- The Washington Times - Tuesday, September 28, 2021

A  Washington state public high school required its teachers in 2018 to undergo mandatory training in White, heterosexual male privilege.

The suburban Tumwater School District, southwest of Tacoma, hired a consultant to help the predominantly White high school faculty “examine our privilege” and learn about microaggressions at a two-hour, in-service session, according to a teacher who anonymously sent materials to the conservative advocacy group Parents Defending Education (PDE) on Aug. 4.

“Because everyone was terrified to contribute to the discussion we were supposed to be having, lest we offend someone with one of the many micro-aggressions we had just learned about, the room was awkwardly silent for most of the time,” the teacher said in a statement. “The thing is, we started with these norms about respect of others’ views, etc., but we all knew darn well that if anyone like me shared their views on it, we would be shunned.”

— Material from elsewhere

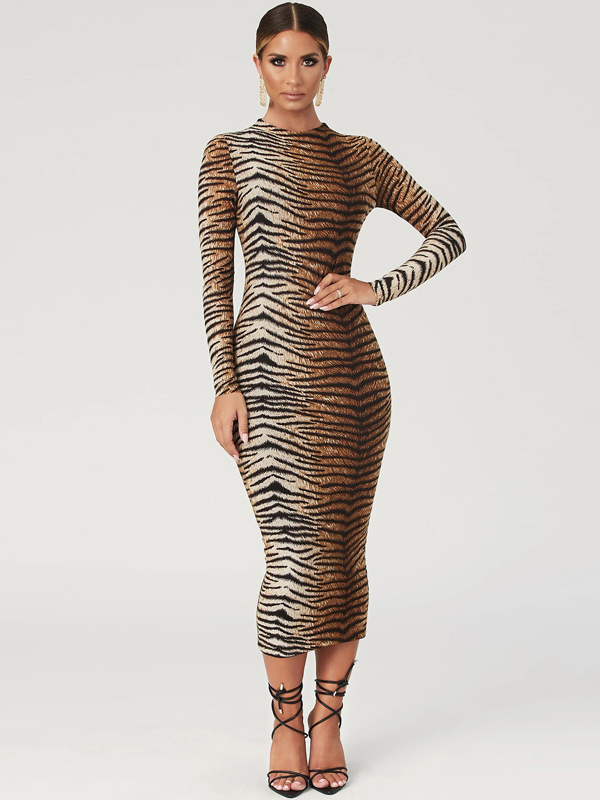 Wholesale Mock Neck Leopard Printed Long Sleeve Dress LHA080602BO ...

According to a public relations firm that provided the statement, the teacher has asked to remain anonymous for fear of being fired.

The in-service presentation’s slides, available online at a link dated from 2018, ask teachers to locate themselves in a “pyramid of White Supremacy” and claim their slice of a “privilege pie.”

The pyramid depicts how White people begin with indifference, espousing attitudes like “politics doesn’t affect me,” before they ascend through racism and violence to the “mass murder” of genocide, depicted as the bright-red top of the structure.

Being White, U.S.-born, disability-free and aged 18-64 qualified teachers to claim one half of the privilege pie.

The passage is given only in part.